Gotta say that Elysium has some pretty cool concepts for its pleasure-wheel

Tuesday, April 12, 2016

Midnight Special (2016)

"Y'All Have No Clue What You're Dealin' With, Do Ya?"
or
"They Will Race and Stumble and Crawl and Curse...and Finally, They Will Join You in the Sun." ("Better Lose the Bed-Sheet")

Maybe this is the issue: I did a search for images from Midnight Special, Jeff Nichols' new film, and an article caught my eye with the questioning headline: "Does Midnight Special Live Up to its Spielberg Roots?" (The answer, if you care, is the definitive and "useful""Yes and No."). Well, as is usually the case in this Age of Useless Click-Bait, they had me at the headline. I wasn't going to read the article because the opening already let me know that it was the work of an idiot.

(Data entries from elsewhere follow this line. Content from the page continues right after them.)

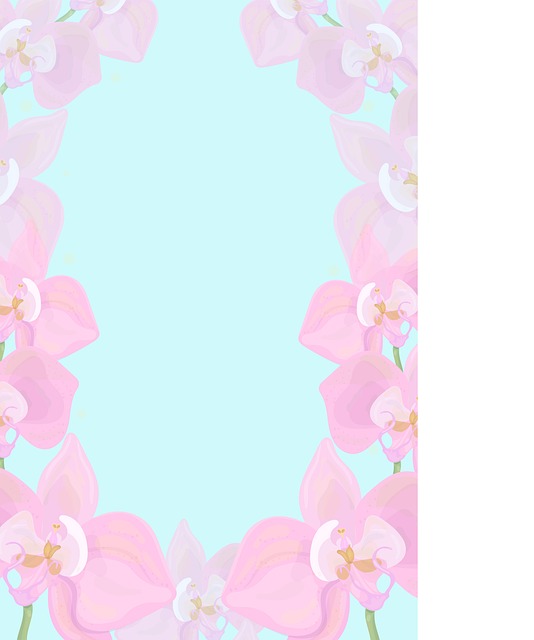 Free flower nature orchid illustration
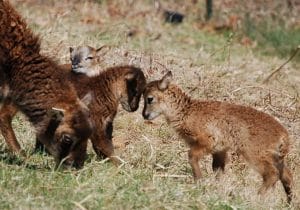 Playful lambs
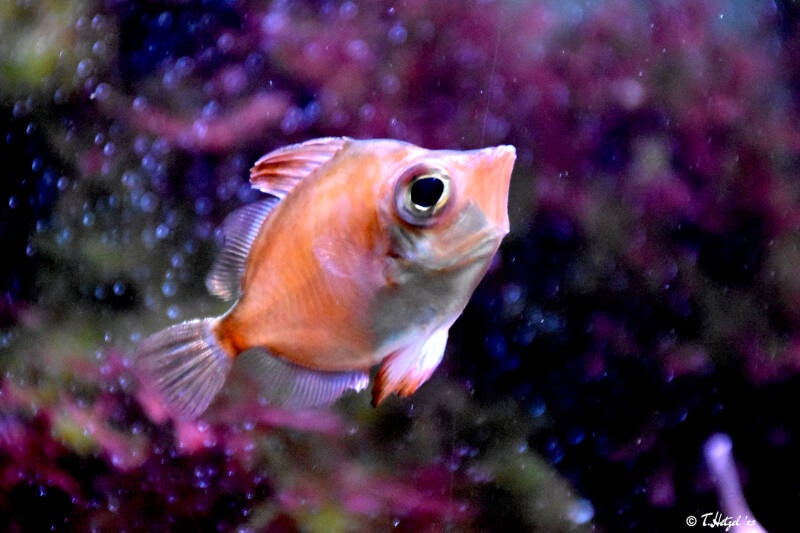 Eberfisch | Wilhelma Stuttgart | 16.06.2023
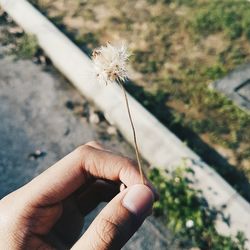 Close-up of hand holding dandelion flower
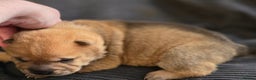 Mixed Breed dogs for sale: Chow Pei puppies - Advert 9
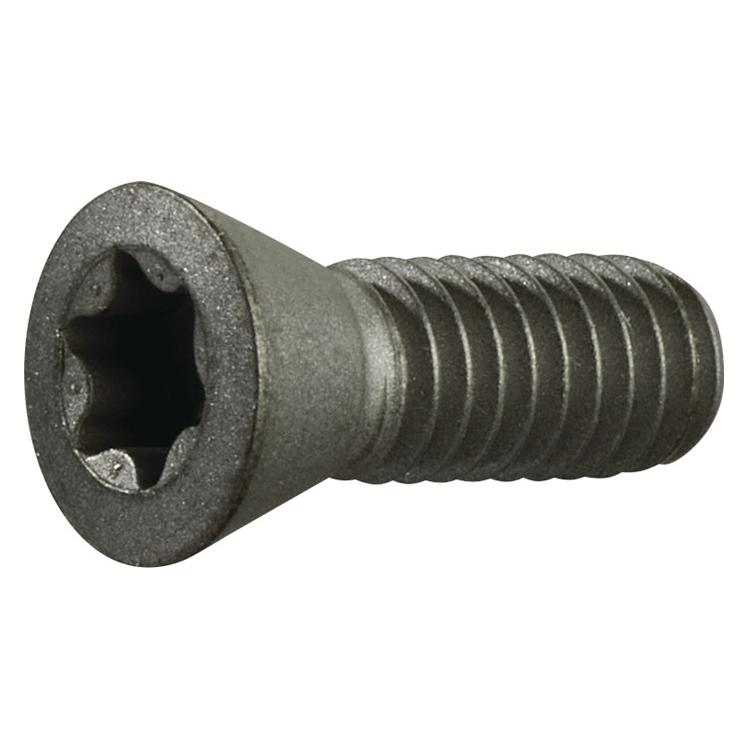 Tecwerk Spannschraube (2000859266)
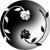 :icondigitalmethod:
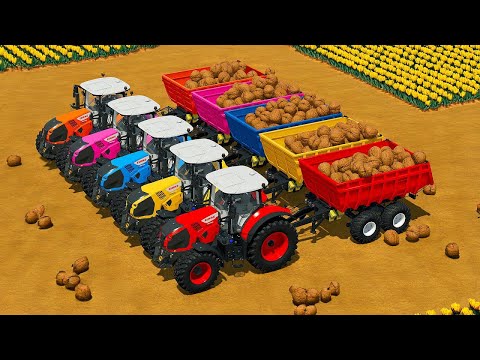 LOAD, TRANSPORT WALNUTS AND MAKE BALES WITH DEUTZ TRACTORS - Farming Simulator 22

Midnight Special might remind you of Spielberg—but not in the images it conveys or the pacing or its attitude or any sort of sense of wonder or anything else other than basic subject matter, and even then it's way off-base. But, it is science-fiction-y, so (*duh*) it must be like Spielberg.* It might remind you (as it did me) of the Superman mythos—Warners produced it—in fact, this is Nichols' first studio-produced movie—and they're not too subtle about the poster imagery there—but it's un-branded to the point that it's like M. Night Shymalan's Unbreakable, where it's just the core-story without all the baggage.™

Or, God forbid, it might remind you of something other than a movie. Like, maybe, a book, or a myth or, I don't know, the freaking Christ story?

Because that's the thing about Jeff Nichols. As opposed to a director like (let's pick a name out of a hat) Spielberg, Nichols makes parables for the modern age. In fact, they'd fit right in with a Bible study class...that is, a Bible study class that isn't concerned with pushing God. Because even though God may not show up in Nichols' movies, faith—and Big Faith, at that—does.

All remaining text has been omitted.